I am currently at my host family's home, spreading American culture by introducing one of my host brothers to The Jackson 5. The kids like to observe me. I feel bad that I'm not more interesting. At least the fact I could do one pull up on their pull up bar seemed to impress the youngest boy. The fact I could only eat two khinkali (meat dumplings) did not.

Join us in our jam session as you read about my first week in Georgia! 

(And here's the post I should have put up a few days ago.)

Learning Georgian is hard. I read one article that said the U.S. State Department (What up, DC!) rates it as a category 4. Wikibooks rates it as a 2...not sure who is right (and I can't find my way back to the first article for some reason). But the point is, Georgian is hard, and languages are hurricanes and thus rated in the same manner. Hurricanes that blow through your mind, leaving it forever changed and probably muddied. In Wikibooks, category 3 is the hardest (this rating is based on "hardest languages for native English speakers to learn", fyi) and includes Chinese and Japanese. Category 2 includes Georgian and probably other languages without a gorgeous alphabet and terribly difficult and strange throat hacking noises.
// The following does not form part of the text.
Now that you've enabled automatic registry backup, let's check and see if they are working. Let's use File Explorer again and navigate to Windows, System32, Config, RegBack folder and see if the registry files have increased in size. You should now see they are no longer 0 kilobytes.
Not knowing how to communicate AT ALL in a country is very frustrating and difficult. I am five years old. I've never been in this position before, since in Peru I could always speak enough Spanish to get around, if not to catch all the nuances of the situation.
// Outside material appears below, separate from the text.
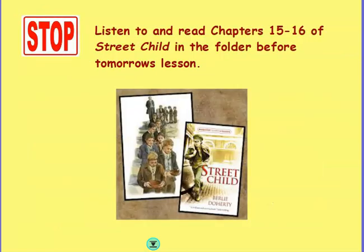And then finally, when you have finished, you need to stop and listen to and read chapters 15 to 16 of Street Child in the folder before tomorrow's lesson. Good luck, everybody — we look forward to seeing how you get on.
As I wrote the above, it was Tuesday night.  Well, actually Wednesday morning. Georgian karaoke or maybe a band was going crazy around 1 am at the restaurant next door . Then it switched to Party Rock. I saw some young girls shuffling to the same song at the ancient fortress overlooking the city. That moment sort of defined the Georgia I have seen thus far - old meeting new.

Other random insights/thoughts:

1. Sycamore trees line nearly every street here in Tbilisi. It's gorgeous.

2. My training group includes people from all over the western world. I am kept busy spreading my gospel of Southern amazingness. Meaning, explaining why I don't have a "redneck" accent, live on a farm, and don't fit the misguided stereotype of the South.

3. I really want to watch Dr. Who on netflix.

4. The doctor I went to had an American Motown song as her ring tone. Yes, she answered her cell during our consultation. It's the norm here.

5. There are a lot of good looking Georgian men I can't smile at in case they think I am flirting. C'est la vie.

I'll try to post soon about the hilarious awkwardness that was yesterday!


  1. strange throat hacking noises?! haha
    Thanks for the update!
    And laughs.

  2. Thanks for representing the South so well. (Hey, if one of the locals thinks you're flirting, break out into terribly difficult and strange throat hacking noises. It's the international signal for, "Don't even think about it, bud.")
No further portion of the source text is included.